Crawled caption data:
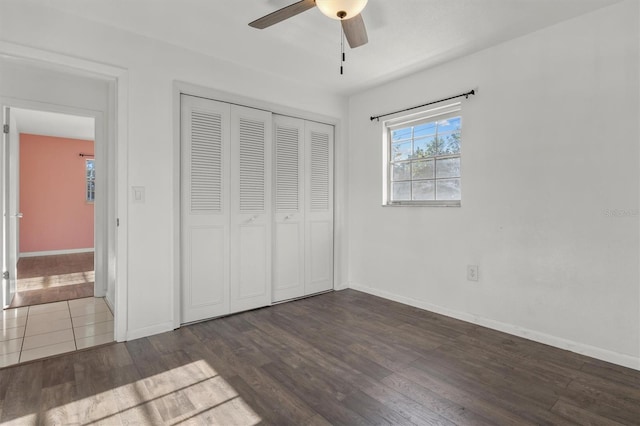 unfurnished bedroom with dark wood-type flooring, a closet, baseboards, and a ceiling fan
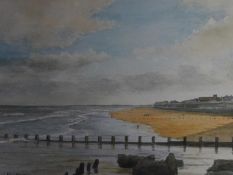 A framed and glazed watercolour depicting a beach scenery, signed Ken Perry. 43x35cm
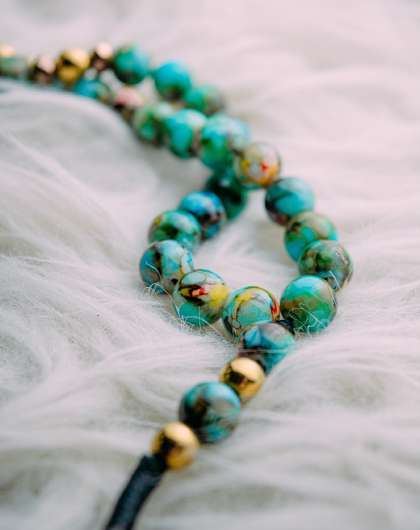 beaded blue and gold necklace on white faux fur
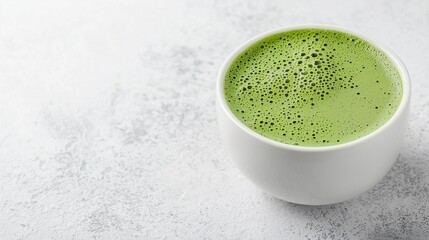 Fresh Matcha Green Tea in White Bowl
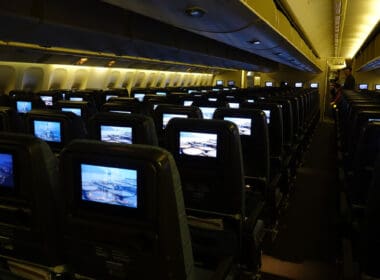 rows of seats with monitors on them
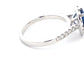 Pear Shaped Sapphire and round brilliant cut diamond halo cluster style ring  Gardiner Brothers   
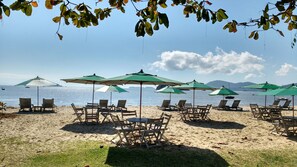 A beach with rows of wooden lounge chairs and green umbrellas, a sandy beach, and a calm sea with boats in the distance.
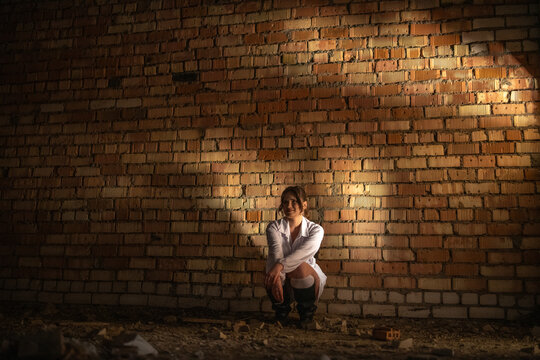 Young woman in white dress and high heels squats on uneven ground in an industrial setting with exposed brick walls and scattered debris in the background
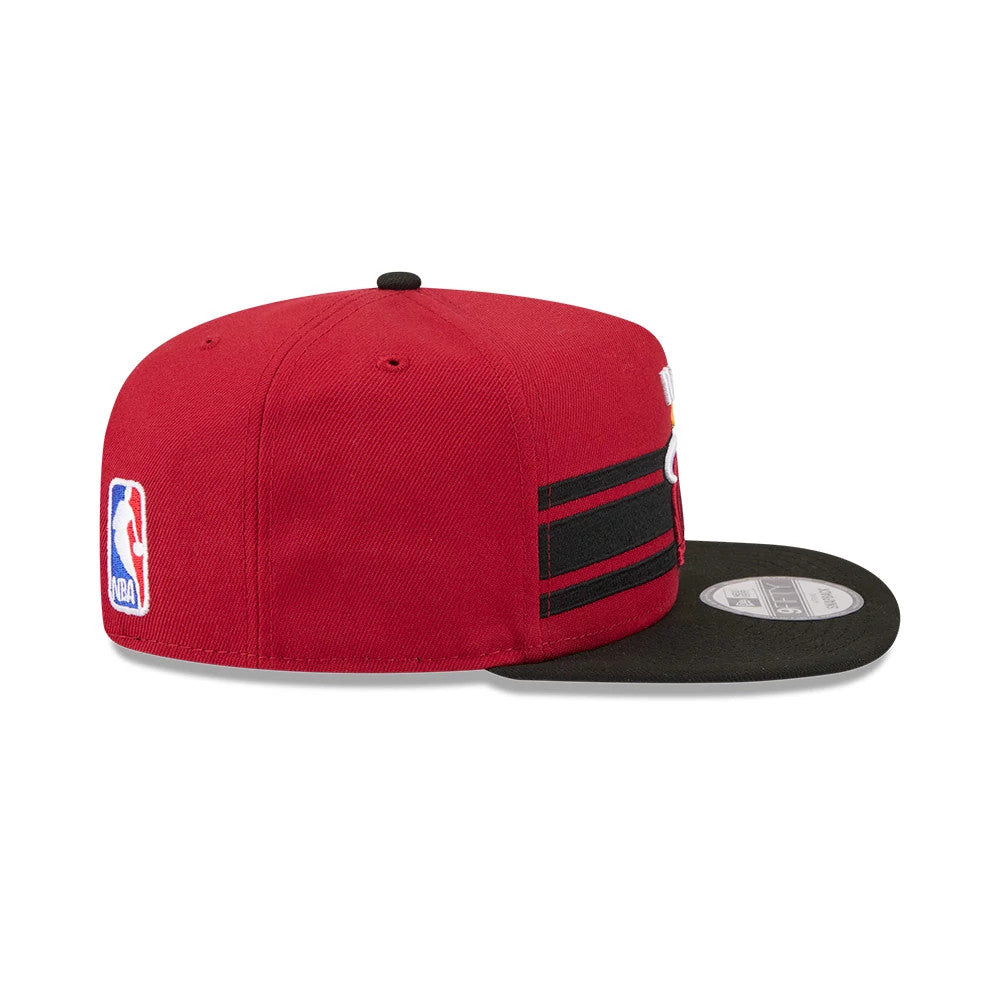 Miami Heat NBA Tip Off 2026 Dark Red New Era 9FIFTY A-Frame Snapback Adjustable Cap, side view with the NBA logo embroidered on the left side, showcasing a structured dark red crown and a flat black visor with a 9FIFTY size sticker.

* [PROBLEM REQUIREMENTS]: Produce an exact copy of every line above, with the images left out.

* [TASK OUTPUT]:
 unfurnished bedroom with dark wood-type flooring, a closet, baseboards, and a ceiling fan
 A framed and glazed watercolour depicting a beach scenery, signed Ken Perry. 43x35cm
 beaded blue and gold necklace on white faux fur
 Fresh Matcha Green Tea in White Bowl
 rows of seats with monitors on them
 Pear Shaped Sapphire and round brilliant cut diamond halo cluster style ring  Gardiner Brothers   
 A beach with rows of wooden lounge chairs and green umbrellas, a sandy beach, and a calm sea with boats in the distance.
 Young woman in white dress and high heels squats on uneven ground in an industrial setting with exposed brick walls and scattered debris in the background
 Miami Heat NBA Tip Off 2026 Dark Red New Era 9FIFTY A-Frame Snapback Adjustable Cap, side view with the NBA logo embroidered on the left side, showcasing a structured dark red crown and a flat black visor with a 9FIFTY size sticker.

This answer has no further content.